AB′den Türkiye′ye ″Sınırlarımızı korumaya kararlıyız
AB Dış İşleri ve Güvenlik Politikaları Yüksek Temsilcisi Josep Borell, Türkiye-Yunanistan sınırında yaptığı açıklamada “Dış sınırlarımızı korumaya kararlıyız” dedi.
Mart ayında Pazarkule sınır kapısından binlerce göçmen Yunanistan’a geçmeye çalışmıştı.
AB Dış İşleri ve Güvenlik Politikaları Yüksek Temsilcisi Josep Borell, AB’nin dış sınırlarını üçüncü ülkelere karşı korumaya kararlı olduklarını söyledi.
Yunanistan-Türkiye sınırındaki Kastanies (Kestanelik) geçiş noktasına kısa bir ziyarette bulunan Borell, Yunanistan Dışişleri Bakanı Nikos Dendias ile birlikte Mart ayından bu yana kapalı bulunan sınır kapısında incelemelerde bulundu.
Borell burada yaptığı açıklamada, “Avrupa Birliği’nin dış sınırlarını korumakta kararlı olduğumuz çok nettir” diye konuştu. Borell, Türk savaş uçakları ve savaş gemilerinin Ege ve Doğu Akdeniz’deki Yunan egemenlik haklarını ihlal ettiği iddialarıyla ilgili olarak da “Yunanistan’ın egemenliğini güçlü bir şekilde destekliyoruz” dedi.

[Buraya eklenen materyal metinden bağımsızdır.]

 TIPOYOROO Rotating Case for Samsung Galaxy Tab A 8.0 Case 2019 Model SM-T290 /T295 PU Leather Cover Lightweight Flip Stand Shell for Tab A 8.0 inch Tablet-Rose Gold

AB yetkilisi, “mevcut zorlukları” geride bırakmaya çabalamanın hem Yunanistan hem Türkiye hem de AB’nin çıkarına olduğunu vurguladı.
Dendias: Türkiye ile müzakereye hazırız
Yunanistan Dışişleri Bakanı Dendias da Türkiye ile müzakerelere hazır olduklarını, ancak “hukuk ihlalleri ya da tehditler” altında müzakere olmayacağını söyledi.
Cumhurbaşkanı Recep Tayyip Erdoğan’ın Mart ayında Türkiye’de yaşayan sığınmacı ve göçmenler için Batı sınırlarının açıldığı mesajını vermesi sonrası sınırda yığılma yaşanmış, Yunanistan üzerinden sığınmacı akınına uğramaktan endişelenen AB ile Türkiye arasında ipler gerilmişti.
Yunanistan ile Türkiye, Doğu Akdeniz’deki deniz yetki alanları konusunda da gerginlik yaşıyor. Ankara’nın Kasım ayında Libya ile imzaladığı “Deniz Yetki Alanlarının Sınırlandırılması Mutabakat Muhtırası” sonrasında ilan ettiği Münhasır Ekonomik Bölge (MEB), Rodos ve Girit adalarını doğudan teğet geçiyor. Yunanistan adaların kendi MEB’lerinin bulunduğunu iddia ederken Türkiye, adaların kendi kıta sahanlıklarına, dolayısıyla MEB’lere sahip olamayacağını savunuyor.